Discussion Zen 5 Speculation (EPYC Turin and Strix Point/Granite Ridge - Ryzen 9000)

Page 86 - Seeking answers? Join the AnandTech community: where nearly half-a-million members share solutions and discuss the latest tech.

jamescox

Senior member
Nov 11, 2009
644
1,105
136
They'll need SRAM (or something equivalently low latency) for anything up through L3 cache, but if they add an additional memory side cache, they could afford to focus more on capacity. That could be an opportunity for different technology. Probably would be a volatile memory, however. Doubt MRAM has any appeal.
They can get very dense SRAM cache on a process optimized for it. Since the infinity cache is connected to the compute die in MI300 with SoIC, it can be as fast as on-die caches. I don’t know if there is need in the hierarchy for an explicit memory side cache.

I initially thought that MI300 would have separate cache, IO, and compute die. I guess IO may be fine in a cache optimized process, so perhaps there is less need to split IO and cache since it seems to be cheap enough to make on 6 nm node. If significantly larger caches make sense, then then it may also make sense to split out the cache onto a separate die such that multiple cache die can be stacked to increase capacity. Infinity cache doesn’t seem to need to be that large to be effective, so I don’t know if that will happen.
 

turtile

Senior member
Aug 19, 2014
623
299
136
I don't imagine that they will launch the CPU only MI400 SKU without its CDNA variants which may not be ready by 2024.
I'm not saying that it will be CPU only. I think it could be upgraded to Zen 5, which will be the first platform on the server with Xilinx IP, and they could shrink CDNA and add a few minor improvements to get a boost.
 

Ajay

Lifer
Jan 8, 2001
16,094
8,109
136
I'm not saying that it will be CPU only. I think it could be upgraded to Zen 5, which will be the first platform on the server with Xilinx IP, and they could shrink CDNA and add a few minor improvements to get a boost.
I don't think so, Nvidia is NOT standing still, so MI400 will still need a much larger increasing in performance than AMD would get from an optical shirnk.
 

soresu

Diamond Member
Dec 19, 2014
3,230
2,515
136
I don't think so, Nvidia is NOT standing still, so MI400 will still need a much larger increasing in performance than AMD would get from an optical shirnk.
I think going forward AMD have the benefit of having a compact high density CPU + accelerator platform which may offer advantages beyond just equal or better accelerator performance for some customers.

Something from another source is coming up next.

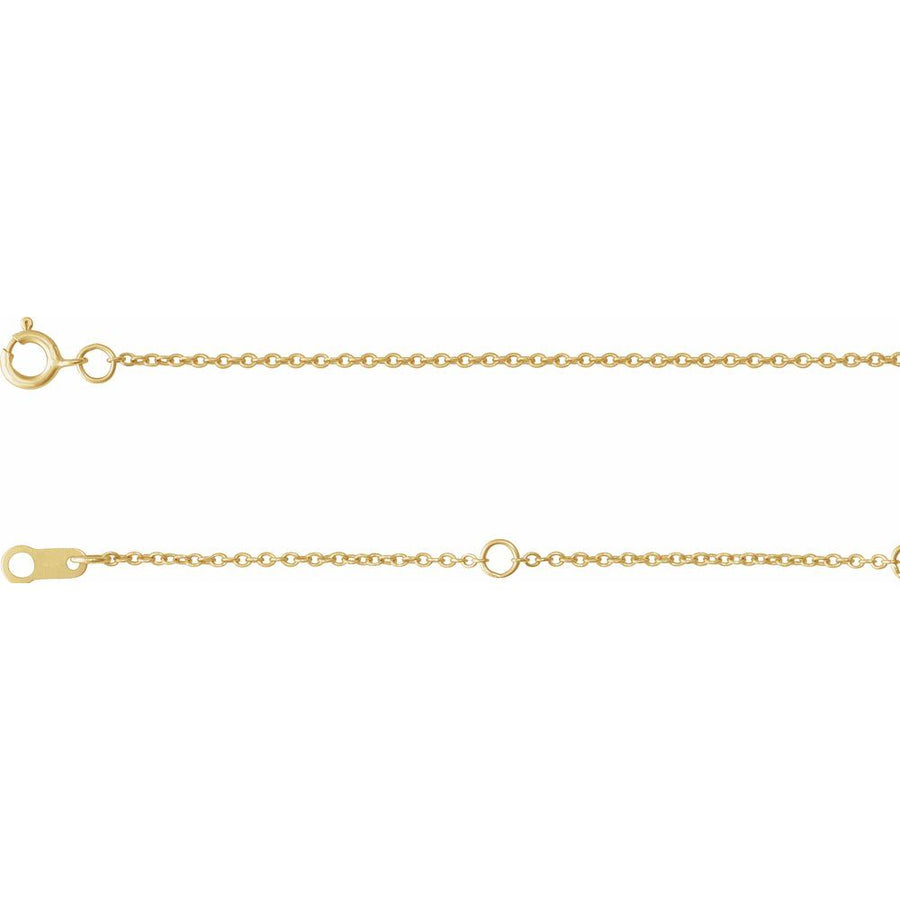 Adjustable 1mm Cable Chain Necklace In 14K Solid Yellow Gold-Filled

This is something nVidia will never have in the x86 space at least, hence their move to cover lotsa ARM cores with Grace.
 

moinmoin

Diamond Member
Jun 1, 2017
5,064
8,032
136
I think the point is that AMD continues to have plenty flexibility open to exploit.

Bergamo is the first product where within the same gen the same platform and IOD is offered with two different types of CCDs.

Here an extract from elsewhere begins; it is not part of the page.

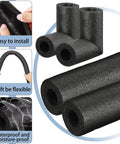 Top Shelf Foam Pipe Insulation Sleeves With Elbow Fittings For Hot And Cold Water Lines Thermal Wrap To Keep Those Pipes Cozy 16 Piece Set showing flexible black foam sleeves and elbow fittings.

MI300 has a pretty insane flexibility, with the CPU, GPU and APU variants as well as being offered for SH5 and OAM platforms. Upgrading only specific chiplets without changing the overall package can and probably should happen. Previously this already happened with Zen 2 and Zen 3 both using the same IOD and package. Whether the result is marketed as MI400 or as a more gradual upgrade is a different matter.
 

jamescox

Senior member
Nov 11, 2009
644
1,105
136
I think going forward AMD have the benefit of having a compact high density CPU + accelerator platform which may offer advantages beyond just equal or better accelerator performance for some customers.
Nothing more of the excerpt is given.